Eltsine se mue en héros national à l'occasion du putsch d'août 1991. |
C’est alors les lois fédérales – l’URSS – contre celles des
Républiques. Gorbatchev, pour sauver ce qui lui reste de pouvoir, c’est-à-dire
déjà plus grand-chose, fait alors des choix bien étranges. Puisque les
réformistes ne l’écoutent plus, il se tourne vers les conservateurs. C’est un
choix politique audacieux.
En grande partie tactique, aussi : je sécurise ma
droite, que je pense pouvoir maîtriser, pour n’avoir plus qu’à me préoccuper de
mon aile gauche. Malin, mais risqué. Son grand ami Chevardnadze en est effrayé.

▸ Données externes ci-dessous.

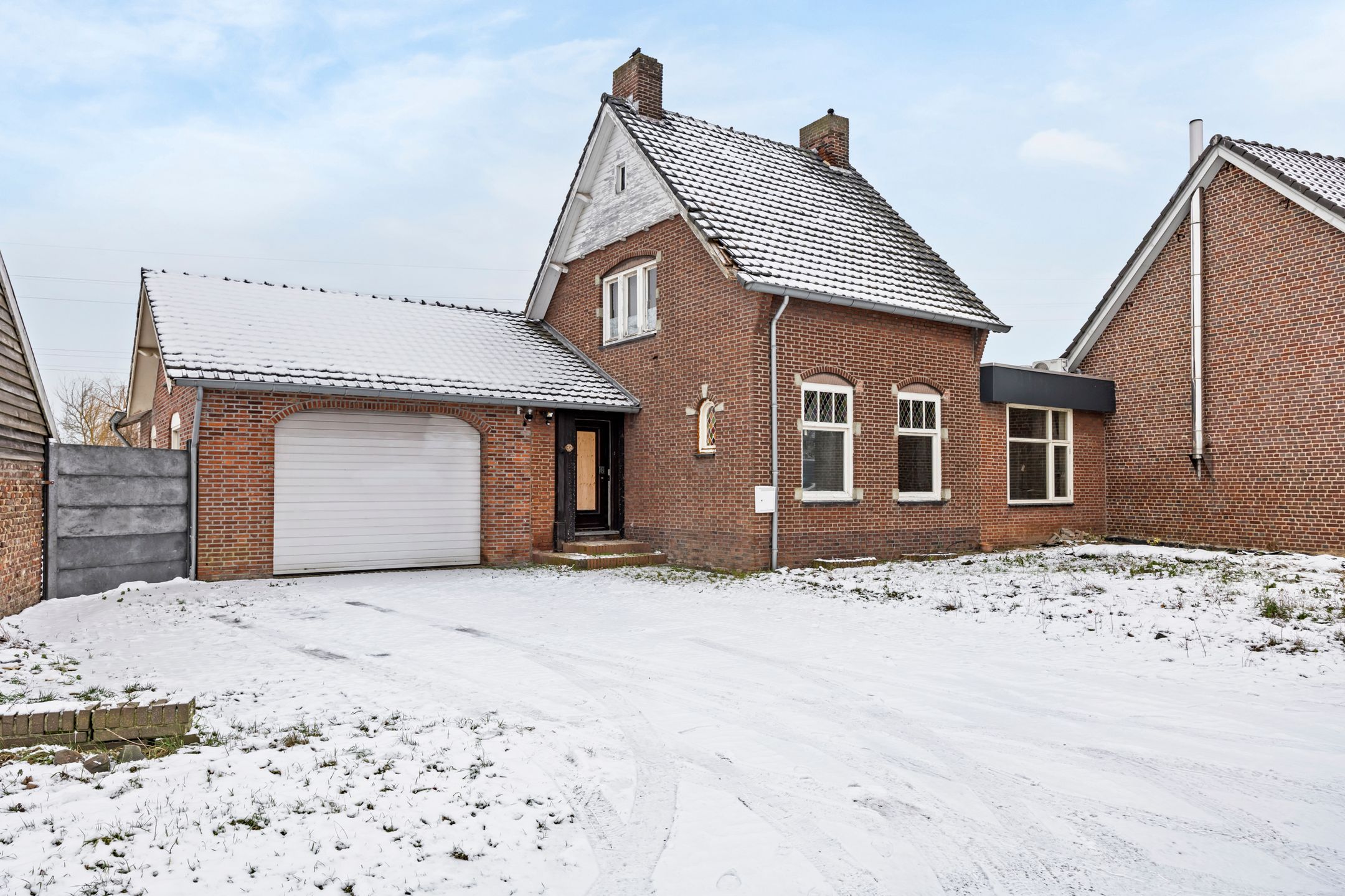 Foto van Maasbrachterweg 32A, Echt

Il démissionne avec fracas en décembre 1990, dénonçant « l’avancée de la
dictature ».
Et comment lui donner vraiment tort quand, en janvier 1991,
alors qu’un coup d’Etat minable, mené par des pro-Russes, est organisé en
Lituanie, Gorbatchev se contente de condamner mollement. Partout, c’est la consternation.
Où est-il l’homme de la perestroïka ? Clairement, le seul homme qui
incarne désormais la poursuite des réformes démocratiques, c’est Eltsine,
président de la Russie.
Il le démontre, avec talent et courage, à l’occasion de la
tentative de coup d’Etat, en août 1991. Gorbatchev pensait pouvoir mettre dans
sa poche les conservateurs ? Cruelle erreur. Ils le trahissent, et le
déposent en profitant de ses vacances dans sa villa de Foros, sur les bords de
la mer Noire, bien loin de Moscou.
Fin de partie pour Gorbatchev, poussé à la démission le 25 décembre 1991. |
Le monde entier apprend ainsi par une dépêche la mise à l’écart
de Gorbatchev, officiellement « pour raisons de santé ». Un coup d’Etat
en carton, mené par des branques, dont un certain Guennadi Ianaev.
Les putschistes sont risibles. Ils ne se donnent même pas la
peine de couper les communications, de contrôler les principaux bâtiments, ni
même de simplement arrêter les dirigeants politiques d’opposition. C’est
pourtant le b.a.-ba.
Seul Gorbatchev est bloqué dans sa villa. Eltsine, lui, par
exemple, reste libre et prend ses responsabilités. Loin de se planquer, il
fonce au Parlement, monte sur un char qui se trouve là, harangue la foule et
appelle aussitôt à la grève illimitée.
Il se mue en héros national. Contribue largement à l’échec
du coup d’Etat. Gorbatchev est sauvé, remis sur son « trône », mais
avec plus, comme rôle, que d’inaugurer les chrysanthèmes…
Elstine, en décembre 1991, met un terme définitif à cette
farce. Président de la Russie, avec ses homologues ukrainien Kravtchouk et
biélorusse Chouchkievitch, il annonce la création de la CEI, Communauté des
Etats indépendants, qui s’approprie tous les pouvoirs d’une URSS qui n’existe
plus que sur le papier. Gorbatchev, qui ne sert décidément plus à rien, n’a d’autre
choix que de démissionner. Sa carrière est finie.